- _Exercise requirements_:
Report the count of lines in the entries below that contain "with", and leave out everything else.

- _Exercise input_:
━━━━━━━━━━━━━━━━━━━━━━━━━━━━━━

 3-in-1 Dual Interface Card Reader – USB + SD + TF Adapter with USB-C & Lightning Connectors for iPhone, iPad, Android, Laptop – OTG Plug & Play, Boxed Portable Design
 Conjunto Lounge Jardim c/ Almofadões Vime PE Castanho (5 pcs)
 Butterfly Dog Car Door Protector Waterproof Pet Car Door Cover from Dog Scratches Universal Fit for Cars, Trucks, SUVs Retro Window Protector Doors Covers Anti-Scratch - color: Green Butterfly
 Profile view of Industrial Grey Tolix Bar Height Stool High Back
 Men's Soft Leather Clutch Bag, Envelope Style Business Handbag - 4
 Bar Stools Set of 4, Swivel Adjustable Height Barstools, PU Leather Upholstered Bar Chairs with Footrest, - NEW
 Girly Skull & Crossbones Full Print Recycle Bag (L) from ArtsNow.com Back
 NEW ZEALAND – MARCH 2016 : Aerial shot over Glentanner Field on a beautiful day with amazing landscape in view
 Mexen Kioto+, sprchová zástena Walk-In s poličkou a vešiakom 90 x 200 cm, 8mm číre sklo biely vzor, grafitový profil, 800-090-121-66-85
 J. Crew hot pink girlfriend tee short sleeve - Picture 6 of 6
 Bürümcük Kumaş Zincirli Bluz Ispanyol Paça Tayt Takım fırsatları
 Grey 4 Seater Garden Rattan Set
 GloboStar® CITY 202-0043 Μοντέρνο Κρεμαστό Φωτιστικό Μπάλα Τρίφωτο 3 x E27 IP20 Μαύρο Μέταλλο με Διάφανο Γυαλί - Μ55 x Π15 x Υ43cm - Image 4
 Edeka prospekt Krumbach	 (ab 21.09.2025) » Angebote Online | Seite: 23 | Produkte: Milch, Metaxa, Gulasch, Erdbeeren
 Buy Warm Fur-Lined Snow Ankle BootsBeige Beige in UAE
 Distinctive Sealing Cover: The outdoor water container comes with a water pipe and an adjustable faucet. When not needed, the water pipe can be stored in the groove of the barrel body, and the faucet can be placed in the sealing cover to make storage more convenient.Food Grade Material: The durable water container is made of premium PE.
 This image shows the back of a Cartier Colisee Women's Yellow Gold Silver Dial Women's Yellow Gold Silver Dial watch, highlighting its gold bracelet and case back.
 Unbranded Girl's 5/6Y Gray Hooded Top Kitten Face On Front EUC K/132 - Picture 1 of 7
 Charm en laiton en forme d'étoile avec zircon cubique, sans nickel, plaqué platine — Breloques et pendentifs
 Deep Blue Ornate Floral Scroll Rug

━━━━━━━━━━━━━━━━━━━━━━━━━━━━━━

- _Answer below_:
4